The conclusions of the new political memoir that is creating a stir in Washington are pretty unremarkable. We are told that the Bush administration was engaged in "manipulating sources of public opinion" over Iraq and "downplaying the major reason for going to war". President Bush himself exhibited a "lack of inquisitiveness" and the real driver of policy in the White House was the Vice President, Dick Cheney. So much of this has become conventional wisdom.
The interest lies purely in the author of the book. Scott McClellan is not any ordinary Washington watcher, but the President's former press secretary; someone who was at the very centre of power in the White House for three years and a crony of Mr Bush from his days in Texas. His criticisms of those he served cannot simply be dismissed by the White House as the partisan slurs of a political opponent. Mr McClellan was there. Indeed, it was his job to deliver the message that the White House wanted to project.

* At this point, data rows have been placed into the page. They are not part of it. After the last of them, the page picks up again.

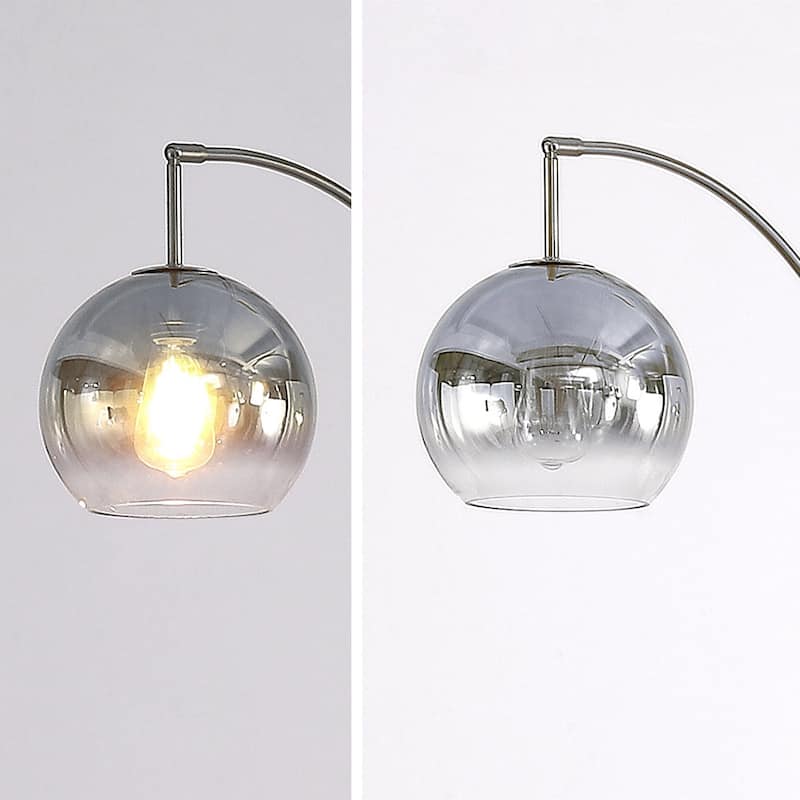 Metro 68"H Glass Globe One Light LED Dimmable Floor Lamp with LED Vintage Bulb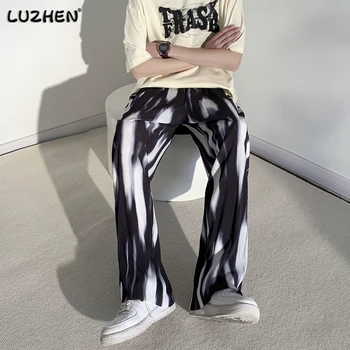 Мужские повседневные брюки нишевого дизайна с контрастным рисунком LUZHEN, окрашенные в нишевый цвет, Новые прямые уличные брюки с индивидуальностью 2023 года 848586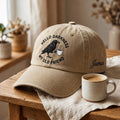 Personalized Hello Darkness My Old Friend Crow Coffee embroidered two-tone hat — front view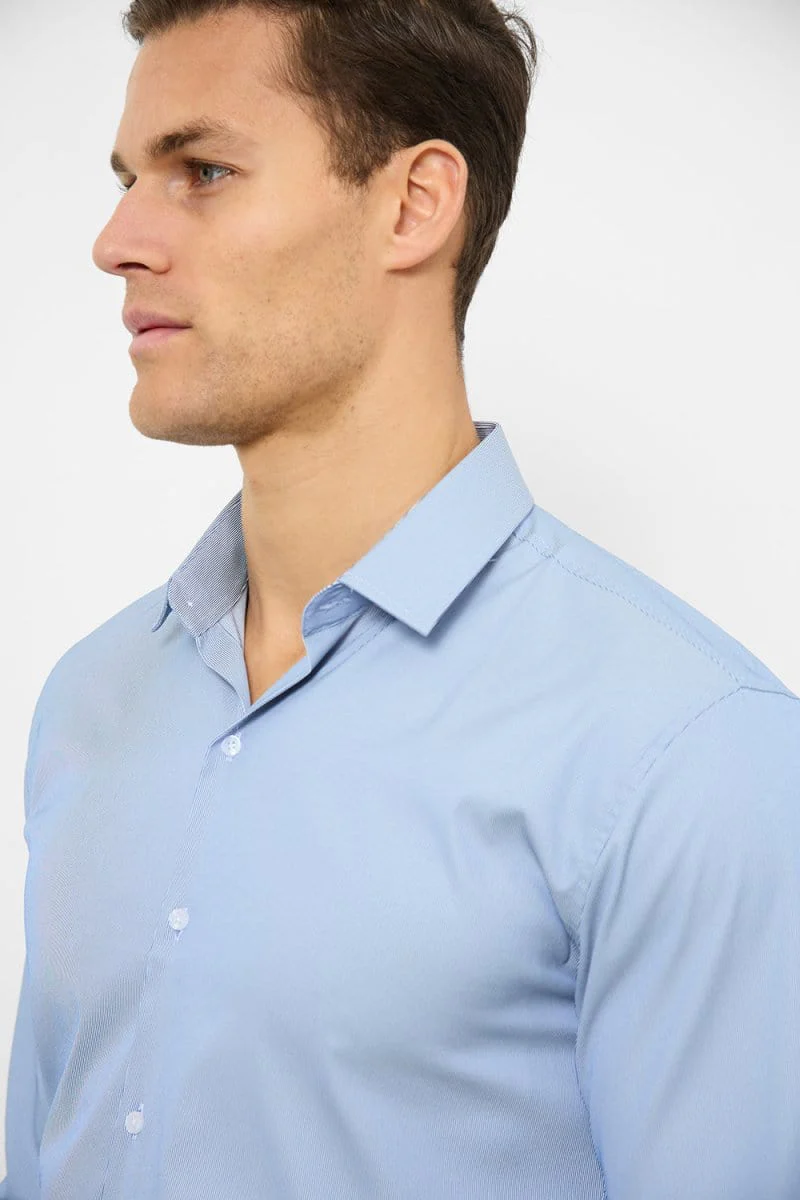 Performance Business Shirt in Navy/White Micro Stripe - Image 3
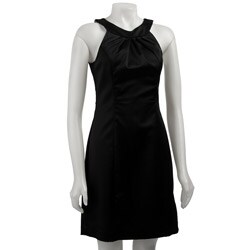 OC by Oleg Cassini Women's Black Stretch Satin Dress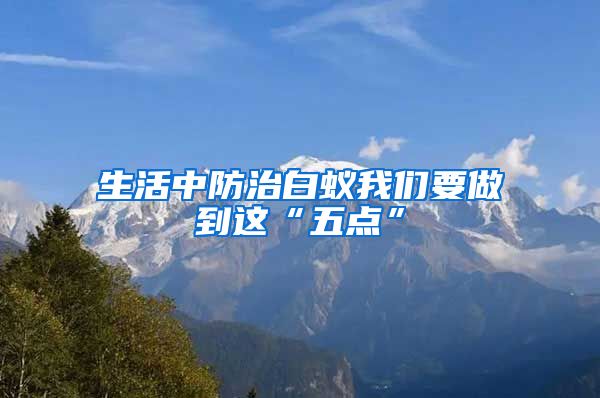 生活中防治白蚁我们要做到这“五点”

There is a case for arguing that McClellan has performed a public service by confirming the true nature of the Bush White House with his insider's account. Yet with political memoirs, as with comedy, timing is crucial. President Bush is now the lamest of lame ducks and heading for the exit. Despite the flurry of interest the book has provoked, the controversies it rakes up feel stale. The main question left lingering in the mind after reading Mr McClellan's exposé is: what took him so long?